Segment Start: Exercise data

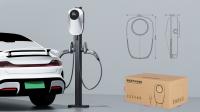 7KW 11KW 21KW Smart ev charging pile WiFi Bluetooth Communication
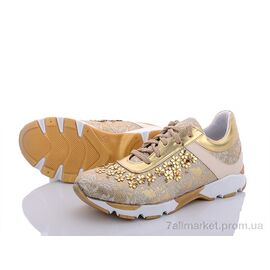 Кросівки жіночі модні Весна/осінь 5000 gold (8 пар р.36-40) "Mona Lisa" недорого оптом від прямого постачальника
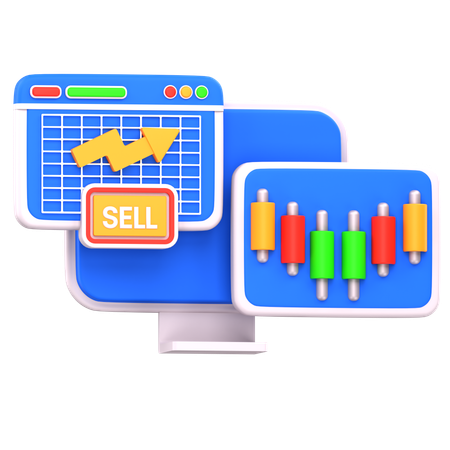 Sell Stock  3D Icon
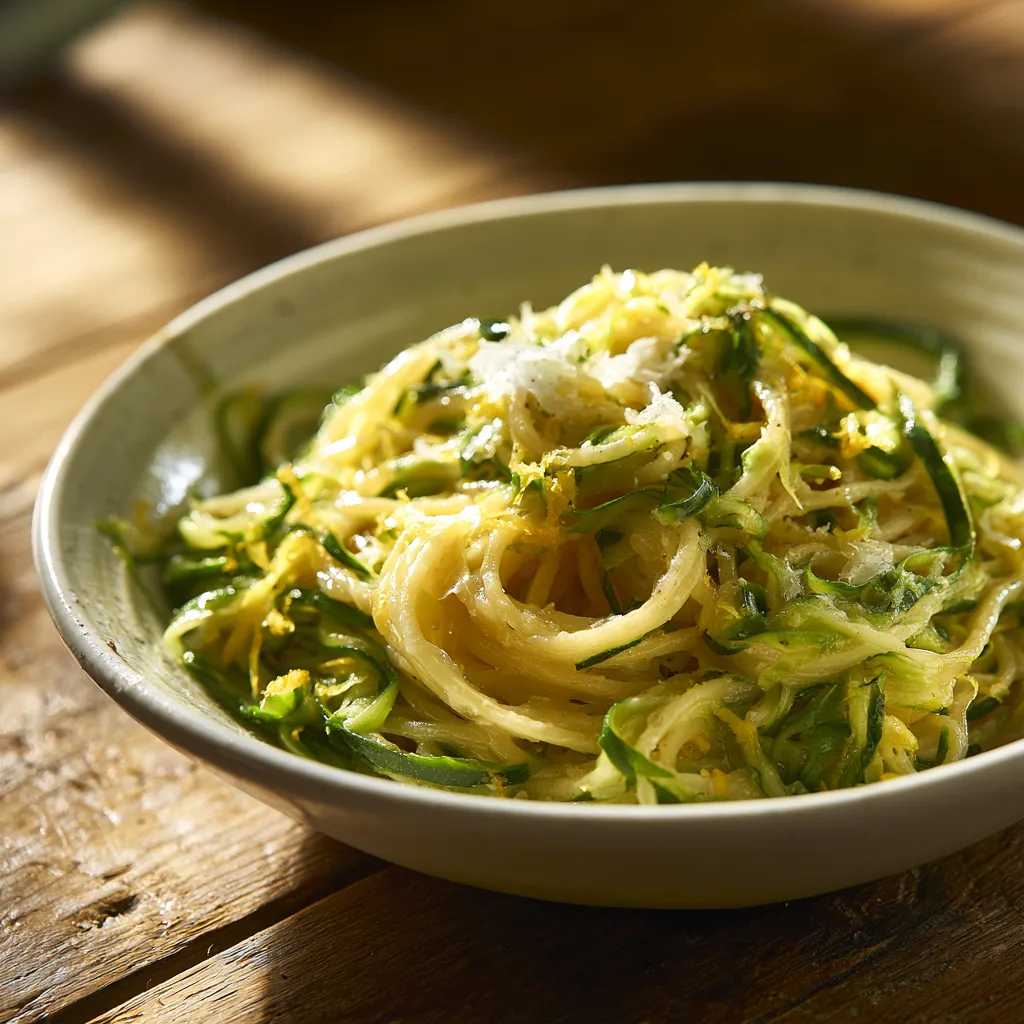 Pasta with Zucchini and Lemon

Segment End: Exercise data

**What you need to do:**
Everything above except the pictures must be restated exactly.

**Response to the exercise:**
 7KW 11KW 21KW Smart ev charging pile WiFi Bluetooth Communication
 Кросівки жіночі модні Весна/осінь 5000 gold (8 пар р.36-40) "Mona Lisa" недорого оптом від прямого постачальника
 Sell Stock  3D Icon
 Pasta with Zucchini and Lemon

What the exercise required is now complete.